Other input devices may include a microphone (functioning in
association with appropriate language processing/recognition
software as known to those of ordinary skill in the technology), an
IR remote control, a joystick, a game pad, a stylus pen, or the
like. These and other input devices are often connected to the
processing unit through an input device interface that is coupled
to the system bus, but may be connected by other interfaces, such
as a parallel port, an IEEE 1394 serial port, a game port, a USB
port, an IR interface, etc.
[0105] A display monitor or other type of display device may also
be connected to the system bus via an interface, such as a video
adapter. In addition to the monitor, a computer may include other
peripheral output devices, such as speakers, printers, etc.
[0106] The computer may operate in a networked environment using
logical connections via wired and/or wireless communications or
data links to one or more remote computers. The remote computer(s)
may be a workstation, a server computer, a router, a personal
computer, a portable computer, a personal digital assistant, a
cellular device, a microprocessor-based entertainment appliance, a
peer device or other common network node, and may include many or
all of the elements described relative to the computer. The logical
connections or data links could include wired/wireless connectivity
to a local area network (LAN) and/or larger networks, for example,
a wide area network (WAN). Such LAN and WAN networking environments
are commonplace in offices, and companies, and facilitate
enterprise-wide computer networks, such as intranets, all of which
may connect to a global communications network such as the
Internet.
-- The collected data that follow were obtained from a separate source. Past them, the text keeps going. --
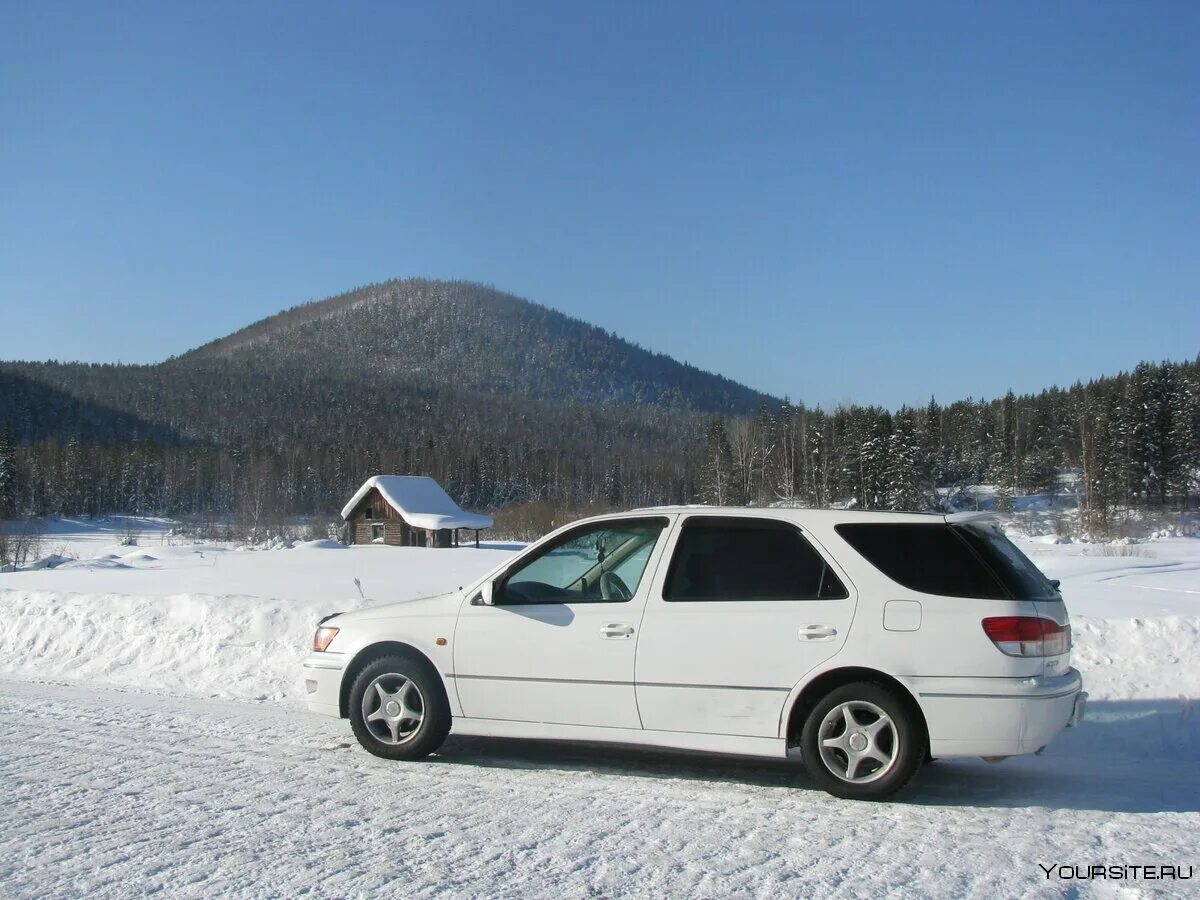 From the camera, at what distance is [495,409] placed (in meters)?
198

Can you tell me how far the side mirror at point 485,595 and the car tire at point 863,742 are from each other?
2.31 metres

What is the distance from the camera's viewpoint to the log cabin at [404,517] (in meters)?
60.0

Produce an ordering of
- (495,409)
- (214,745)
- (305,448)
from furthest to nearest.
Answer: (495,409) < (305,448) < (214,745)

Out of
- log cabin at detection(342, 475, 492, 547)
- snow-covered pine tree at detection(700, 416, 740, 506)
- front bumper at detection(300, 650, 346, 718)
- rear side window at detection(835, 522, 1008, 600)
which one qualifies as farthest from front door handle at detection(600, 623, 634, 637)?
snow-covered pine tree at detection(700, 416, 740, 506)

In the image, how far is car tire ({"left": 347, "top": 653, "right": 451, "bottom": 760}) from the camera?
6.90 m

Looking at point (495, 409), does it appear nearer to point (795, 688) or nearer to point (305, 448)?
point (305, 448)

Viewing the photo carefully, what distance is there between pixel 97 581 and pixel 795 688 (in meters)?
16.2

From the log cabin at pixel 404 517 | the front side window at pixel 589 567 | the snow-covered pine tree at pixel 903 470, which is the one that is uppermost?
the snow-covered pine tree at pixel 903 470

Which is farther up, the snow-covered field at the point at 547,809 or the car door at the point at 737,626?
the car door at the point at 737,626

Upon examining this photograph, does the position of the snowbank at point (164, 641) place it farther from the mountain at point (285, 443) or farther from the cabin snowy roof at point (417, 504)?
the mountain at point (285, 443)

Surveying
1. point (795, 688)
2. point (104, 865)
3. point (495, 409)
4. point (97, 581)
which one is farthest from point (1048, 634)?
point (495, 409)

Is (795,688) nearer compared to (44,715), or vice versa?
(795,688)

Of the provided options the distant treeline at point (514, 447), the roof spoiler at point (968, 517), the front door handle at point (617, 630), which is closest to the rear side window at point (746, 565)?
the front door handle at point (617, 630)

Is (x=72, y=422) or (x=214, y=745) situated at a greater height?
(x=72, y=422) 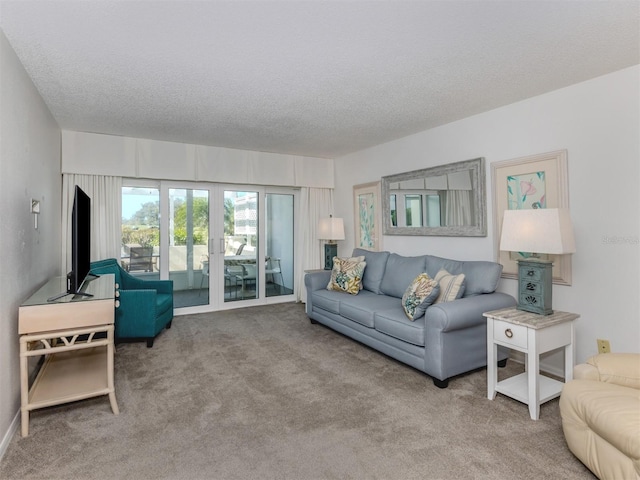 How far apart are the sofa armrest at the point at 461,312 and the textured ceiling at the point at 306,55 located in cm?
180

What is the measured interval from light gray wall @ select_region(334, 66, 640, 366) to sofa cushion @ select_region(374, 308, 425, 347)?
1.12m

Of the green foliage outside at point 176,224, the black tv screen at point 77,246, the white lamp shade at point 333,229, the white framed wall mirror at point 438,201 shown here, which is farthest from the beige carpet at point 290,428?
the white lamp shade at point 333,229

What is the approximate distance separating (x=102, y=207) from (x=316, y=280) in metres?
2.86

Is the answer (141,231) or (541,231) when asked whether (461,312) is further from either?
(141,231)

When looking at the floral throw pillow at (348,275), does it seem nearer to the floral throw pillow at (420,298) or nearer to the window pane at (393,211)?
the window pane at (393,211)

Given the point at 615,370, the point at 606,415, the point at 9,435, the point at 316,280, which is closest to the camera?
the point at 606,415

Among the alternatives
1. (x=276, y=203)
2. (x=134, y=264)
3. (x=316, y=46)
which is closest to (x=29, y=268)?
(x=134, y=264)

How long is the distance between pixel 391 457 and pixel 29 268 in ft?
9.40

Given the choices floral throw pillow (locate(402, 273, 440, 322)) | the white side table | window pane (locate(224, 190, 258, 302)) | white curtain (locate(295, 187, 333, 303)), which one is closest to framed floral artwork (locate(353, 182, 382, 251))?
white curtain (locate(295, 187, 333, 303))

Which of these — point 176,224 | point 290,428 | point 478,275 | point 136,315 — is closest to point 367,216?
point 478,275

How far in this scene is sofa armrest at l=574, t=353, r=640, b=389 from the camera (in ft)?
6.08

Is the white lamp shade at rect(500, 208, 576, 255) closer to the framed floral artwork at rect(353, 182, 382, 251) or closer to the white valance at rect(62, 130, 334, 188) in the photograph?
the framed floral artwork at rect(353, 182, 382, 251)

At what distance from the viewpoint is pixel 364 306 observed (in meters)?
3.52

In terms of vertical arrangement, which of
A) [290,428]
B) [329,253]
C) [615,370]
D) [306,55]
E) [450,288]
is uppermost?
[306,55] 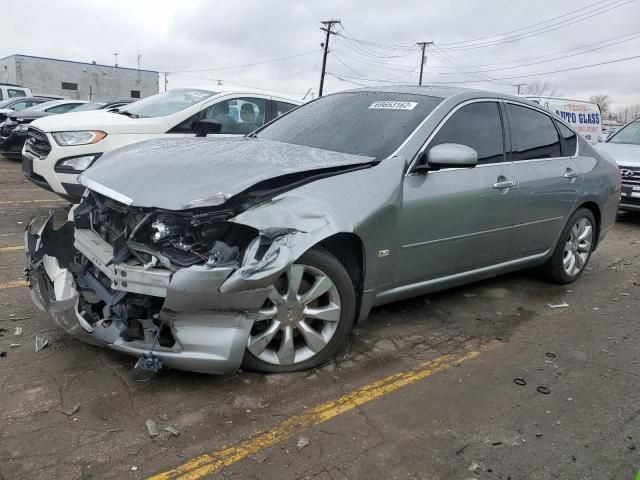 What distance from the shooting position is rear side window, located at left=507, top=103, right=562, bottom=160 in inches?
174

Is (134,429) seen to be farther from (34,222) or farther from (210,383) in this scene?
(34,222)

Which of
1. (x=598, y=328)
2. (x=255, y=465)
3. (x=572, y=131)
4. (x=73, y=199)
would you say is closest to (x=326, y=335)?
(x=255, y=465)

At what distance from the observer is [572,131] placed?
5152 mm

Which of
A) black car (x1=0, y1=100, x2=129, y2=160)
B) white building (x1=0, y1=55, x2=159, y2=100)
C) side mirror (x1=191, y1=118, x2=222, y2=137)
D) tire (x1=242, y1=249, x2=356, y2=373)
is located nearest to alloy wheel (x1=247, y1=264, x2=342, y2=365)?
tire (x1=242, y1=249, x2=356, y2=373)

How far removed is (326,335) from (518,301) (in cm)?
238

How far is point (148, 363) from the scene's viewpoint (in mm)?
2701

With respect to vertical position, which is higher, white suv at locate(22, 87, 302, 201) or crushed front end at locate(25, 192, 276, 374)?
white suv at locate(22, 87, 302, 201)

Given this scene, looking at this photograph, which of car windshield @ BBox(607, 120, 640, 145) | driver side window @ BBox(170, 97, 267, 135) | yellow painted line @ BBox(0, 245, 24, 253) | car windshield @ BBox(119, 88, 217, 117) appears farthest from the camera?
car windshield @ BBox(607, 120, 640, 145)

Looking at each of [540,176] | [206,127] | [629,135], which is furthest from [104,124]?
[629,135]

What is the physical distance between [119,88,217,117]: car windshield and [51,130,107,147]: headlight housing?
0.92 meters

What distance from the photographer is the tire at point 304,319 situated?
9.66ft

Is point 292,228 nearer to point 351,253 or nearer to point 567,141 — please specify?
point 351,253

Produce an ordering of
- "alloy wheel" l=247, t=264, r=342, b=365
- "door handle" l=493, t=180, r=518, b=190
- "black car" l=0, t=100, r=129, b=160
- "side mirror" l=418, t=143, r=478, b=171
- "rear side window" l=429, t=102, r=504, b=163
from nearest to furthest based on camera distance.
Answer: "alloy wheel" l=247, t=264, r=342, b=365 < "side mirror" l=418, t=143, r=478, b=171 < "rear side window" l=429, t=102, r=504, b=163 < "door handle" l=493, t=180, r=518, b=190 < "black car" l=0, t=100, r=129, b=160

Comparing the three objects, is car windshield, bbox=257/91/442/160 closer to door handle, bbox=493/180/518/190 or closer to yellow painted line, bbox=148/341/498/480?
door handle, bbox=493/180/518/190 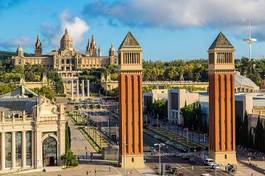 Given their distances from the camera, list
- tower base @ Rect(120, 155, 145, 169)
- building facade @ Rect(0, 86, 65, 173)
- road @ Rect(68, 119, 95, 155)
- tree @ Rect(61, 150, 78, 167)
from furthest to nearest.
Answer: road @ Rect(68, 119, 95, 155) < tower base @ Rect(120, 155, 145, 169) < tree @ Rect(61, 150, 78, 167) < building facade @ Rect(0, 86, 65, 173)

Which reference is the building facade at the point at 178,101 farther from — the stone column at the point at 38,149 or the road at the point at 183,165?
the stone column at the point at 38,149

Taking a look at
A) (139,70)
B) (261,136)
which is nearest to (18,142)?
(139,70)

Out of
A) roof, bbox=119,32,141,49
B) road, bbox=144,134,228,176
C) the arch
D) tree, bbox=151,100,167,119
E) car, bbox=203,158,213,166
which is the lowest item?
road, bbox=144,134,228,176

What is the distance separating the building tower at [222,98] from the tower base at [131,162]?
10901 millimetres

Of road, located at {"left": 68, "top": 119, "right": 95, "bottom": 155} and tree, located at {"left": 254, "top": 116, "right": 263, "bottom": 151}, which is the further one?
road, located at {"left": 68, "top": 119, "right": 95, "bottom": 155}

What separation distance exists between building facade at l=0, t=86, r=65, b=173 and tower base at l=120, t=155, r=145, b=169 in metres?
8.24

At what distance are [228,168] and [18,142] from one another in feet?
91.9

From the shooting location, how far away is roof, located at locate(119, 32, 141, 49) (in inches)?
3314

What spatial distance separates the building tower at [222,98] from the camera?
86438 millimetres

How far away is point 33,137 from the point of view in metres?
81.7

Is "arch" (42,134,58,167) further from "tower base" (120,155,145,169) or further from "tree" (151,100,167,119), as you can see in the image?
"tree" (151,100,167,119)

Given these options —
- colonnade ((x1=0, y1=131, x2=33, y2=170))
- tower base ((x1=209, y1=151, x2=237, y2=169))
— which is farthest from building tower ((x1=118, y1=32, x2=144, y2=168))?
colonnade ((x1=0, y1=131, x2=33, y2=170))

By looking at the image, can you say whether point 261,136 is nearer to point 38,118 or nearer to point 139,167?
point 139,167

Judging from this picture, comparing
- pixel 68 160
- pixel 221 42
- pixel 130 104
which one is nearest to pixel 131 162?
Result: pixel 130 104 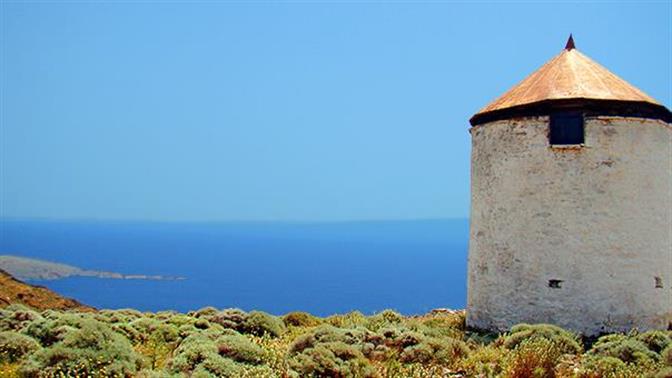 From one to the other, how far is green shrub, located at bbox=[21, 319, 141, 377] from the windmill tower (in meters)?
8.59

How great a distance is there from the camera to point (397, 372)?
1068cm

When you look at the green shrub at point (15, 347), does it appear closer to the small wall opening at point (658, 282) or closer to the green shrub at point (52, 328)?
the green shrub at point (52, 328)

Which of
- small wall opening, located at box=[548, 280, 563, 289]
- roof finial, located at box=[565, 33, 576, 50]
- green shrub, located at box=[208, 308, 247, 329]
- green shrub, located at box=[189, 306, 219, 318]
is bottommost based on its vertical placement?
green shrub, located at box=[189, 306, 219, 318]

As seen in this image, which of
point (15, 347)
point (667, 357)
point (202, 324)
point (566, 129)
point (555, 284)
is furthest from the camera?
point (202, 324)

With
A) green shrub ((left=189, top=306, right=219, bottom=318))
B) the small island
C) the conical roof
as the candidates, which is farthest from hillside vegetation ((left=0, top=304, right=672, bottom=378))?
the small island

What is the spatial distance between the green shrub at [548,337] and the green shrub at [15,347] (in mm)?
8909

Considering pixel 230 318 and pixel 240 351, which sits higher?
pixel 240 351

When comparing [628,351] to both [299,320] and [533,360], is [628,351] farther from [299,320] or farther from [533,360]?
[299,320]

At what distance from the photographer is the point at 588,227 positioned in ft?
47.5

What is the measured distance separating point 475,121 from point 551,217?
324 cm

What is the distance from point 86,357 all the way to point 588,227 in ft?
34.6

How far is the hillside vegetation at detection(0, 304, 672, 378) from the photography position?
10.4 metres

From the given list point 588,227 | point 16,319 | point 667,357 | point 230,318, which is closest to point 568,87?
point 588,227

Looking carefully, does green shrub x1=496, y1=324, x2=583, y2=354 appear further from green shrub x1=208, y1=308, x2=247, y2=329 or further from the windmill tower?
green shrub x1=208, y1=308, x2=247, y2=329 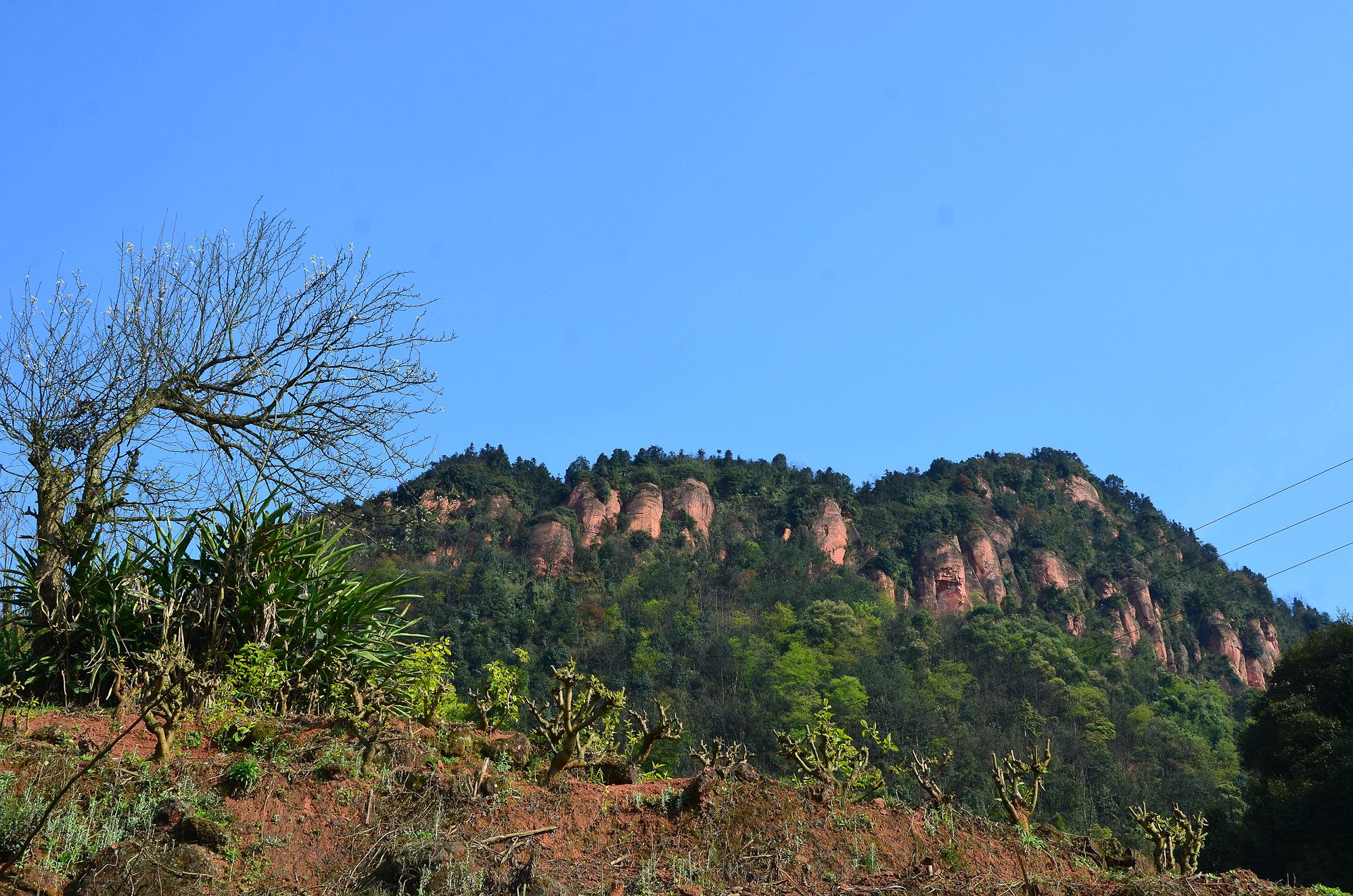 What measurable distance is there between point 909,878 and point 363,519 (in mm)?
4924

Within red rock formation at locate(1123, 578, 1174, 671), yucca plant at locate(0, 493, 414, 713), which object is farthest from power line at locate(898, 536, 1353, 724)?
yucca plant at locate(0, 493, 414, 713)

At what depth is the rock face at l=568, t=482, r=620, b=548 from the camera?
2916 inches

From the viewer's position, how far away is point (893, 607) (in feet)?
225

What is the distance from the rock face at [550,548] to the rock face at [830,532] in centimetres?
1760

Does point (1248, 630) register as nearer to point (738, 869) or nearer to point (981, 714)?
point (981, 714)

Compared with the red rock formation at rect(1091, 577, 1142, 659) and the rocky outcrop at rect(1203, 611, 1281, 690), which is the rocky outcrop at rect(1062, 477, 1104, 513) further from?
the rocky outcrop at rect(1203, 611, 1281, 690)

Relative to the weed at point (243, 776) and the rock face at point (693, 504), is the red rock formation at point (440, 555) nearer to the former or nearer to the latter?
the rock face at point (693, 504)

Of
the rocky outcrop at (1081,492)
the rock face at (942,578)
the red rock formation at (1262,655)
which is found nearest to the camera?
the red rock formation at (1262,655)

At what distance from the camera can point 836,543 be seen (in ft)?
258

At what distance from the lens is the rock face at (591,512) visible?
74062mm

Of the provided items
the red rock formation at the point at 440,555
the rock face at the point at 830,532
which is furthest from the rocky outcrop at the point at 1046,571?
the red rock formation at the point at 440,555

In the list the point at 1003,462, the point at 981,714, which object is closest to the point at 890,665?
the point at 981,714

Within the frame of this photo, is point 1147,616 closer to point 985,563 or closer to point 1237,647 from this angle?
point 1237,647

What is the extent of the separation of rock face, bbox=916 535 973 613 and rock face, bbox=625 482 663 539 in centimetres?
1765
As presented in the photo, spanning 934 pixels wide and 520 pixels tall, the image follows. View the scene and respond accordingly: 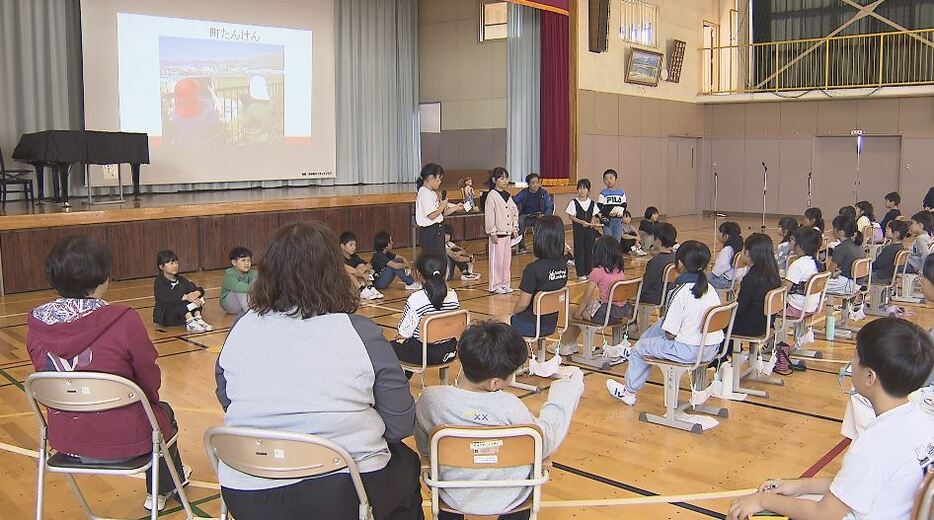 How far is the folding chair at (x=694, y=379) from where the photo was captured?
15.7ft

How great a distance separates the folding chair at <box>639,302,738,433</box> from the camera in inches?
188

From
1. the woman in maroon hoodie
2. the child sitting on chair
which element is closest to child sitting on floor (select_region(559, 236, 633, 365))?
the child sitting on chair

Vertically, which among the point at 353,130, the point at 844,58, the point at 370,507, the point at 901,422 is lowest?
the point at 370,507

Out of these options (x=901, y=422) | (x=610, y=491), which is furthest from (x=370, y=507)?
(x=610, y=491)

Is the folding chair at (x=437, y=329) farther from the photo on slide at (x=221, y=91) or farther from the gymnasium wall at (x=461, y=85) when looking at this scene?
the gymnasium wall at (x=461, y=85)

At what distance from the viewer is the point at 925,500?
207cm

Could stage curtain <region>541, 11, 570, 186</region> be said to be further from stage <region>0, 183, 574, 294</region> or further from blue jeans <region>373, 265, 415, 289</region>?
blue jeans <region>373, 265, 415, 289</region>

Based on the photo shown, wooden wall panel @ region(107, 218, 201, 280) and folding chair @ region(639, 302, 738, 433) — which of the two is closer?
folding chair @ region(639, 302, 738, 433)

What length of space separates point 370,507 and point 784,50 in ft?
59.9

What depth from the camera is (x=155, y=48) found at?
1280 cm

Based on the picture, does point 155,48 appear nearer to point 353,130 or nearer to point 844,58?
point 353,130

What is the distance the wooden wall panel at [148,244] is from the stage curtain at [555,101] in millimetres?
7149

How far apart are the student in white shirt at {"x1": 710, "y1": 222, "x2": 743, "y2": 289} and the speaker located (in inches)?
357

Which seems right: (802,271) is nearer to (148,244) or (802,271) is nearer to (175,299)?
(175,299) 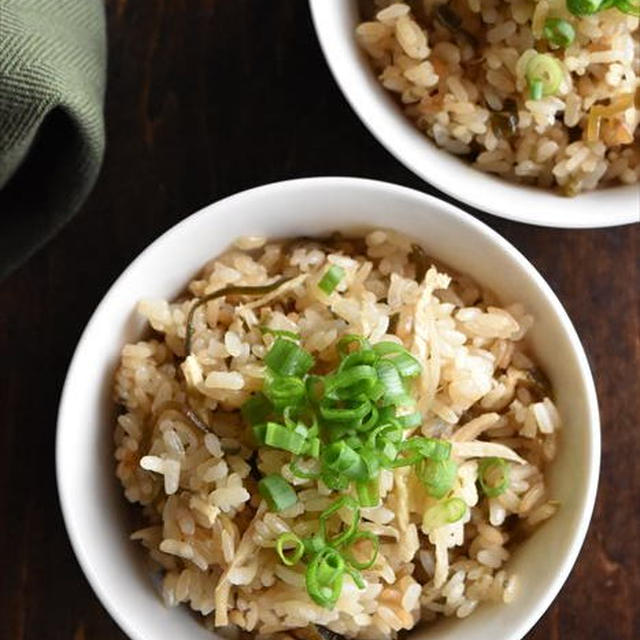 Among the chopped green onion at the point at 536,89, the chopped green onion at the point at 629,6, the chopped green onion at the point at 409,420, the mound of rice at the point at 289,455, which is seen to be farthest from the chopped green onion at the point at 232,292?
the chopped green onion at the point at 629,6

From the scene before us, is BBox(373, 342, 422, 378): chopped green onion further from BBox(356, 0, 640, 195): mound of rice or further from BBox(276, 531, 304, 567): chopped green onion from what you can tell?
BBox(356, 0, 640, 195): mound of rice

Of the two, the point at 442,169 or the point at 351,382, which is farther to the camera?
the point at 442,169

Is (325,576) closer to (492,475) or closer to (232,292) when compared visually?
(492,475)

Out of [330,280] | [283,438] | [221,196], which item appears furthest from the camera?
[221,196]

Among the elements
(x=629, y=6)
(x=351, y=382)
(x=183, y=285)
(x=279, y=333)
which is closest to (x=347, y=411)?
(x=351, y=382)

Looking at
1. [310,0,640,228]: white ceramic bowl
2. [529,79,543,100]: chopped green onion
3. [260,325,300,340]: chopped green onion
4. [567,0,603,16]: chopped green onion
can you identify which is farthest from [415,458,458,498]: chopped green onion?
[567,0,603,16]: chopped green onion

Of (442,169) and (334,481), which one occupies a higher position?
(442,169)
For the purposes of the current disclosure a data link
between two components may be any wired or wireless mechanism,
medium, system and/or protocol between the two components, whether
direct or indirect, that allows the two components to send and/or
received data with each other.
[0107] The computer may be operable to communicate with any
wireless devices or entities operatively disposed in wireless
communication, e.g., a printer, scanner, desktop and/or portable
computer, portable data assistant, communications satellite, any
piece of equipment or location associated with a wirelessly
detectable tag (e.g., a kiosk, news stand, restroom), and
telephone. This includes at least Wi-Fi (such as IEEE 802.11x (a,
b, g, n, etc.)) and Bluetooth.TM. wireless technologies. Thus, the
communication may be a predefined structure as with a conventional
network or simply an ad hoc communication between at least two
devices.
[0108] The system may also include one or more server(s). The
server(s) may also be hardware and/or software (e.g., threads,
processes, computing devices). The servers may house threads to
perform transformations by employing aspects of the invention, for
example. One possible communication between a client and a server
may be in the form of a data packet adapted to be transmitted
between two or more computer processes. The data packet may include
a cookie and/or associated contextual information, for example. The
system may include a communication framework (e.g., a global
communication network such as the Internet) that may be employed to
facilitate communications between the client(s) and the
server(s).
[0109] Following from the above description summaries, it should be
apparent to those of ordinary skill in the art that, while the
methods, apparatuses and data structures herein described
constitute exemplary embodiments of the current disclosure, it is
to be understood that the inventions contained herein are not
limited to the above precise embodiments and that changes may be
made without departing from the scope of the invention as claimed.
Likewise it is to be understood that it is not necessary to meet
any or all of the identified advantages or objects of the invention
disclosed herein in order to fall within the scope of the
inventions, since inherent and/or unforeseen advantages of the
current disclosed embodiments may exist even though they may not
have been explicitly discussed herein.